Military ships fan antenna
 
Can anyone tell me about "fan antennas" like those used on the large navy
ships.

Thanks Jim N6PJQ




Richard Clark March 8th 06 07:43 PM

Military ships fan antenna
 
On Wed, 08 Mar 2006 19:14:02 GMT, "NA"
wrote:

Can anyone tell me about "fan antennas" like those used on the large navy
ships.


Hi Jim,

It is an array of co-planar, parallel monopoles driven at the same,
common point. The size of each in the array is different spanning
from short to long such that at least one is resonant within a wide
band of frequencies.

Two of these hung in the air in dipole fashion become the skeletal
version of the Bowtie antenna.

When the fan of wires are formed into an equal sized array in a circle
(with their far ends attached in a loop); you have a conical antenna
(cone shaped, driven at the pointy end against ground).
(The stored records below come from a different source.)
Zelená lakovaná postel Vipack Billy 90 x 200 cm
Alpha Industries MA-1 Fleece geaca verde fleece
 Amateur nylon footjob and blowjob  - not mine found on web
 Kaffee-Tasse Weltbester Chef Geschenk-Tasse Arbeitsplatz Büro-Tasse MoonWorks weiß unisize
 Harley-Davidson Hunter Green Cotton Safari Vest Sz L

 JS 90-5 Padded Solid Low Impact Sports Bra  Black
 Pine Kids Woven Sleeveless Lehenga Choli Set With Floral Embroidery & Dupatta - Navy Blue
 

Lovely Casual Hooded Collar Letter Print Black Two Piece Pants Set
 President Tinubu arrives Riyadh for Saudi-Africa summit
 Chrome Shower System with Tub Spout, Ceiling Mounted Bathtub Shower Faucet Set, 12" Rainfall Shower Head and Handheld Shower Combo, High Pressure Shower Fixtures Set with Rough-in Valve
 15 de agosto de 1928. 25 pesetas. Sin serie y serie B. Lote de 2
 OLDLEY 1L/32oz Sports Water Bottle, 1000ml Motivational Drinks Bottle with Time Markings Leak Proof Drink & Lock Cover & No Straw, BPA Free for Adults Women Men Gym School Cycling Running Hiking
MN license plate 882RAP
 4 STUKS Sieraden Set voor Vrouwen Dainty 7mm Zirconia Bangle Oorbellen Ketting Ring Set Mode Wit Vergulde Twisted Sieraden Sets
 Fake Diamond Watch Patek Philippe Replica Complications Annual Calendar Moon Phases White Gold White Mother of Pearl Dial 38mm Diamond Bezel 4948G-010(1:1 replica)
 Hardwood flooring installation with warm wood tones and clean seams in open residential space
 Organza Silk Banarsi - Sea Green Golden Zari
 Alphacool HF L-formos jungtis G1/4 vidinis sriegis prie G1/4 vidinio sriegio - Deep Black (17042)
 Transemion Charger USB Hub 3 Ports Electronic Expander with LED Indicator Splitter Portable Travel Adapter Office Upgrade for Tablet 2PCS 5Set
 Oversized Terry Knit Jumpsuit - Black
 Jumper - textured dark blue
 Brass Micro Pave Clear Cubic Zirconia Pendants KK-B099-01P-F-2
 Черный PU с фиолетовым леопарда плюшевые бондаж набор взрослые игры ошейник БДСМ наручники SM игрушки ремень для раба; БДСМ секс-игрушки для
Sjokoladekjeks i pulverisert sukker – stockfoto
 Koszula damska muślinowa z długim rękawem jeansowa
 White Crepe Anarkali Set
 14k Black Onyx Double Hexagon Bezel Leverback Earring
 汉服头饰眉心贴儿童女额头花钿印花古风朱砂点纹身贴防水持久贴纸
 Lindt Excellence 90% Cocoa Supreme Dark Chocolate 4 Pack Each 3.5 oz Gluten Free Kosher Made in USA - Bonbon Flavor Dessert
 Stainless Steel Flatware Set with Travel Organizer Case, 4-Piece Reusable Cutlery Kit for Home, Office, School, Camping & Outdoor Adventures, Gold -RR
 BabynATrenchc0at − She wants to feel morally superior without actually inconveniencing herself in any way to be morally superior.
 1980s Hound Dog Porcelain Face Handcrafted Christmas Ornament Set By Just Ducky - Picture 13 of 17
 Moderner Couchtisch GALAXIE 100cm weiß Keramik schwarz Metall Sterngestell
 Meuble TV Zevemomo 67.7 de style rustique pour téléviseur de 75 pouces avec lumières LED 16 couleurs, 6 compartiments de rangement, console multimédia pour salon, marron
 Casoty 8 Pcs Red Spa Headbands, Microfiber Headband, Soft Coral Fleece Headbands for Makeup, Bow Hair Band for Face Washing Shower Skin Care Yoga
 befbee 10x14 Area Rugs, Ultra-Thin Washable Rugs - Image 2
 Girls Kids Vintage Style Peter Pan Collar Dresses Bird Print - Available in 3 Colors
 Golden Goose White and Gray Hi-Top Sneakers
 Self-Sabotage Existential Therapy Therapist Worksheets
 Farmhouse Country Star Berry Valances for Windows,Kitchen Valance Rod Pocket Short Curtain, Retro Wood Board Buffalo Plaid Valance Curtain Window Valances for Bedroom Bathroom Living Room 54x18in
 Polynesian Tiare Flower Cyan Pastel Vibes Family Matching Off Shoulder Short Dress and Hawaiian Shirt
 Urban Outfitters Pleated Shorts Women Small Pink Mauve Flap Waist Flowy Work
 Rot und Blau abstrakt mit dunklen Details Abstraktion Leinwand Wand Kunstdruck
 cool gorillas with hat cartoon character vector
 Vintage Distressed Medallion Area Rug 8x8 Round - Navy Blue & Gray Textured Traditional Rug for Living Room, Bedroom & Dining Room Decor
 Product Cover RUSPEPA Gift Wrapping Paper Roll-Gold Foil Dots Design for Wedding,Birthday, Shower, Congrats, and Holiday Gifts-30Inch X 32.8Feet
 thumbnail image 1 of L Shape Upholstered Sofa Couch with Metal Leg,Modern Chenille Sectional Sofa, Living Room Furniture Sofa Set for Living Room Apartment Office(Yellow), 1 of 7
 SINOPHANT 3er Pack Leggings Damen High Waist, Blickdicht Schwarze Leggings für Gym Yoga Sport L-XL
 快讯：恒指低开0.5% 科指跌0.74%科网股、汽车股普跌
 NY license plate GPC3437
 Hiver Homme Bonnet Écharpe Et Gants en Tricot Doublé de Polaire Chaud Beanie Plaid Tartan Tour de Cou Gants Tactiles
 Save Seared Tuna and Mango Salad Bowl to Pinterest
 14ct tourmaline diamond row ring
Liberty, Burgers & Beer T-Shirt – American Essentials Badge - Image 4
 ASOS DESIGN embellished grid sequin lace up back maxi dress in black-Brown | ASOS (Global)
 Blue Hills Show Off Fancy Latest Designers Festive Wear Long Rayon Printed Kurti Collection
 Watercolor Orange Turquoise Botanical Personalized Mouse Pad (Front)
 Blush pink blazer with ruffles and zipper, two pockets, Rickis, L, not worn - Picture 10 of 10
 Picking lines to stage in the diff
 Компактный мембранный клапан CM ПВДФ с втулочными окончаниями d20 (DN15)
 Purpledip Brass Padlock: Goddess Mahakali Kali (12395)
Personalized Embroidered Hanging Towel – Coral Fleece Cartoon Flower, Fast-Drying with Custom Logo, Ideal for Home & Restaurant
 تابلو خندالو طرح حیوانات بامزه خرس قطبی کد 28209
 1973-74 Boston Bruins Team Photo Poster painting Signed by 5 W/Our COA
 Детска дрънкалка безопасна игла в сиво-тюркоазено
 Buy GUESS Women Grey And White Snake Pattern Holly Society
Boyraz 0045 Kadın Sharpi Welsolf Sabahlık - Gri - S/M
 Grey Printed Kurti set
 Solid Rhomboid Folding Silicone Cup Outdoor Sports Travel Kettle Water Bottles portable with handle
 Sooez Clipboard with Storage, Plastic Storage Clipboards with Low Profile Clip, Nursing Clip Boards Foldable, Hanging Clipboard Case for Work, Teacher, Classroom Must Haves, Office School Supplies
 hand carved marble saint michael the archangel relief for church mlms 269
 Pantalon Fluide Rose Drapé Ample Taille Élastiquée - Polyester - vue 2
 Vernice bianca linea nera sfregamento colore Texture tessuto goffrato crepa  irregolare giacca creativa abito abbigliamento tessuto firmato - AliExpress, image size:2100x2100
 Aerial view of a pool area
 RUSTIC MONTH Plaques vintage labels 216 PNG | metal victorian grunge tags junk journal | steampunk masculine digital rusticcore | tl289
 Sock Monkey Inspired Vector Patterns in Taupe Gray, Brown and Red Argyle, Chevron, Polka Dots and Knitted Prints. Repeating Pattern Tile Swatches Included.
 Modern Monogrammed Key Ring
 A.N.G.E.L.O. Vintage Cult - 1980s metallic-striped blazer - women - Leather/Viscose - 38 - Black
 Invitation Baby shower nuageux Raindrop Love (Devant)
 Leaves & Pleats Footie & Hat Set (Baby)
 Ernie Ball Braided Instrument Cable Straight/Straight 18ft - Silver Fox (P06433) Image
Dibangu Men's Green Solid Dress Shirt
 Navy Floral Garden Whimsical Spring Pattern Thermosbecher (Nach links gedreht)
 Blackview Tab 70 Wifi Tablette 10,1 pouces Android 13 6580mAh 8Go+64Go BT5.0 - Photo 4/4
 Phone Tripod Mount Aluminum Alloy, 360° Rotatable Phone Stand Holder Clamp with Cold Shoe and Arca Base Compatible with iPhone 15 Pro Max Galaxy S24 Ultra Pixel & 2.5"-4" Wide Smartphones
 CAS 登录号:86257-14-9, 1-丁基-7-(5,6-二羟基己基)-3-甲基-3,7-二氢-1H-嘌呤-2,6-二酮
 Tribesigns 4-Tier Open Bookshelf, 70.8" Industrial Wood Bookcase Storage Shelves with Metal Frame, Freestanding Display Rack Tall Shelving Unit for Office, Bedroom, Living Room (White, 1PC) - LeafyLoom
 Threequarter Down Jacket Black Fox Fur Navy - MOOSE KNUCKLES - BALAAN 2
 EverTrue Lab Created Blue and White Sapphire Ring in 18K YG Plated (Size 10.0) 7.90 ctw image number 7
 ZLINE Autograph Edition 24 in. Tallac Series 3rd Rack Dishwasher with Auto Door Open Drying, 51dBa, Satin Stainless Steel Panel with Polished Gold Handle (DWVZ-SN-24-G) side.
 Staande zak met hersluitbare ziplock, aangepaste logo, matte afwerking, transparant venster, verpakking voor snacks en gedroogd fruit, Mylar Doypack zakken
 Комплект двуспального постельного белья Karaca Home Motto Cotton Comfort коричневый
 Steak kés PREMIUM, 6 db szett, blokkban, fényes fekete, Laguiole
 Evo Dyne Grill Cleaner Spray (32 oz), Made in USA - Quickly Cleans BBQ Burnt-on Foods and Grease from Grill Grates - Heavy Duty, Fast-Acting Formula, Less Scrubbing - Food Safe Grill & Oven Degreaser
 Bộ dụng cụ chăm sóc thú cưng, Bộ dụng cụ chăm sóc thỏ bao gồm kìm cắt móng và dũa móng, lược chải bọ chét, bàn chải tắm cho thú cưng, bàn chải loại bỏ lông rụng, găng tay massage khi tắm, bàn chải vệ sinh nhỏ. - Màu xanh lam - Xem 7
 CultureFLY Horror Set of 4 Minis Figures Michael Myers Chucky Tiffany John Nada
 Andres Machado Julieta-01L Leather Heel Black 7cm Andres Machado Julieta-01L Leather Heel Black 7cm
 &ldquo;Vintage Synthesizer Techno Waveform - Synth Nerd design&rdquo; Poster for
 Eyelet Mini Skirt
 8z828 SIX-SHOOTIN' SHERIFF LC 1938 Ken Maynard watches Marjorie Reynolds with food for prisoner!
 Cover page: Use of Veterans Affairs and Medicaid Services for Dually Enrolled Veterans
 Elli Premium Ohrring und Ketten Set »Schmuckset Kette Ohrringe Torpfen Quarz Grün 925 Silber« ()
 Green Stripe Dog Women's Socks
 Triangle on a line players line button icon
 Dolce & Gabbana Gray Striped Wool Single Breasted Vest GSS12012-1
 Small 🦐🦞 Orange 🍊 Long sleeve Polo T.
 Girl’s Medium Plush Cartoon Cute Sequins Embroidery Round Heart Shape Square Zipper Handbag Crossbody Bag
All such designs have a reputation for being widebanded, but basically
only as useful as a quarterwave monopole (at any of the resonant
frequencies). For the conical versions, they can resonate over a
considerably wide band, and in fact up to 6 to 10X of the first
resonance. Unfortunately, having a resonance this high does not mean
it is useful. This is because the antenna will be so very long at
that extreme harmonic that most of its radiation will be directed
along its length rather than broadside. This may be an unintended
consequence. The fan design, on the other hand, will have a short
length element that will provide the expected pattern.

73's
Richard Clark, KB7QHC

J. B. Wood March 9th 06 12:44 PM

Military ships fan antenna
 
In article , Richard Clark
wrote:

On Wed, 08 Mar 2006 19:14:02 GMT, "NA"
wrote:

Can anyone tell me about "fan antennas" like those used on the large navy
ships.


Hi Jim,

It is an array of co-planar, parallel monopoles driven at the same,
common point. The size of each in the array is different spanning
from short to long such that at least one is resonant within a wide
band of frequencies.

snip

Hello, and the only fan antenna that I have any experience with is the
venerable 2-6 MHz twin fan transmitting antenna used on USN combat ships.
This antenna consists of two sets (port, starbaord) of three sloping wires
strung from a yardarm on the stack to the feedpoint on the deck. A VSWR
of 3 or less is typically achieved using a fixed passive LC network. By
design, most of the radiation actually comes from RF currents induced on
the stack by the fan wires. Sincerely,

John Wood (Code 5550) e-mail:
Naval Research Laboratory
4555 Overlook Avenue, SW
Washington, DC 20375-5337

NA March 10th 06 04:46 PM

Military ships fan antenna
 
Thanks for your input.

Jim N6PJQ

"NA" wrote in message
...
Can anyone tell me about "fan antennas" like those used on the large navy
ships.

Thanks Jim N6PJQ






Sal M. Onella March 15th 06 05:10 AM

Military ships fan antenna
 

"J. B. Wood" wrote in message
...
In article , Richard Clark
wrote:

On Wed, 08 Mar 2006 19:14:02 GMT, "NA"
wrote:

Can anyone tell me about "fan antennas" like those used on the large

navy
ships.


Hi Jim,

It is an array of co-planar, parallel monopoles driven at the same,
common point. The size of each in the array is different spanning
from short to long such that at least one is resonant within a wide
band of frequencies.

snip

Hello, and the only fan antenna that I have any experience with is the
venerable 2-6 MHz twin fan transmitting antenna used on USN combat ships.
This antenna consists of two sets (port, starbaord) of three sloping wires
strung from a yardarm on the stack to the feedpoint on the deck. A VSWR
of 3 or less is typically achieved using a fixed passive LC network. By
design, most of the radiation actually comes from RF currents induced on
the stack by the fan wires. Sincerely,

John Wood


Supplementing, if I may, many fan-wire antennas are fed from the mast. (I've
climbed most of the ships in the Pacific Fleet at one time or another.)
Coax into the matching network box and port/starboard feedwires out.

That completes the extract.